==== DATA SEGMENT ====
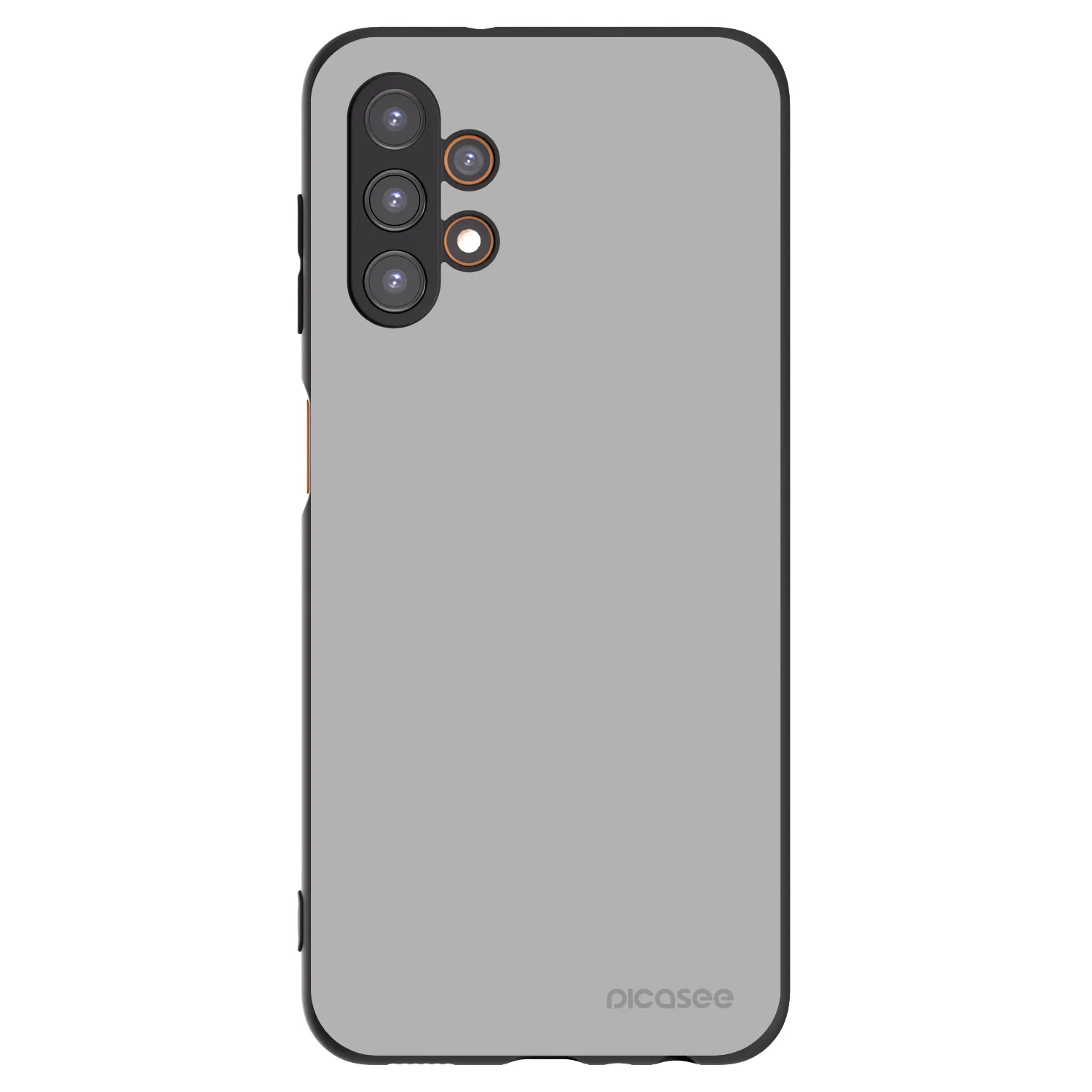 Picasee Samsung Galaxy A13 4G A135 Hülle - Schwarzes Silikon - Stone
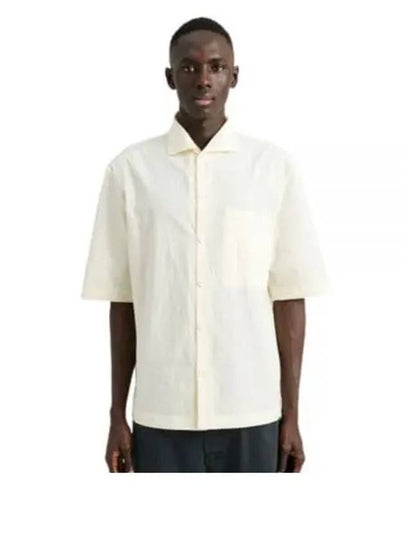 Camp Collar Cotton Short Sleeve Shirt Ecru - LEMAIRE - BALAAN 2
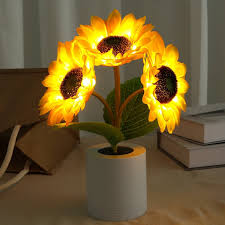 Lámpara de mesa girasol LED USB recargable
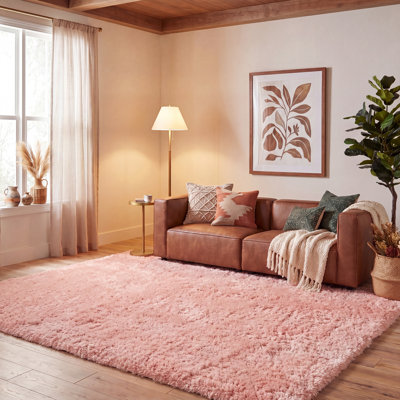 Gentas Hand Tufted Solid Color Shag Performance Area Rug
====
THE PROBLEM:
Nothing but the lines from the one containing "Camp Collar Cotton" through the end of the listing should be written out, each exactly, and pictures must be left out.

SOLVED EXERCISE:
 Camp Collar Cotton Short Sleeve Shirt Ecru - LEMAIRE - BALAAN 2
 Lámpara de mesa girasol LED USB recargable
 Gentas Hand Tufted Solid Color Shag Performance Area Rug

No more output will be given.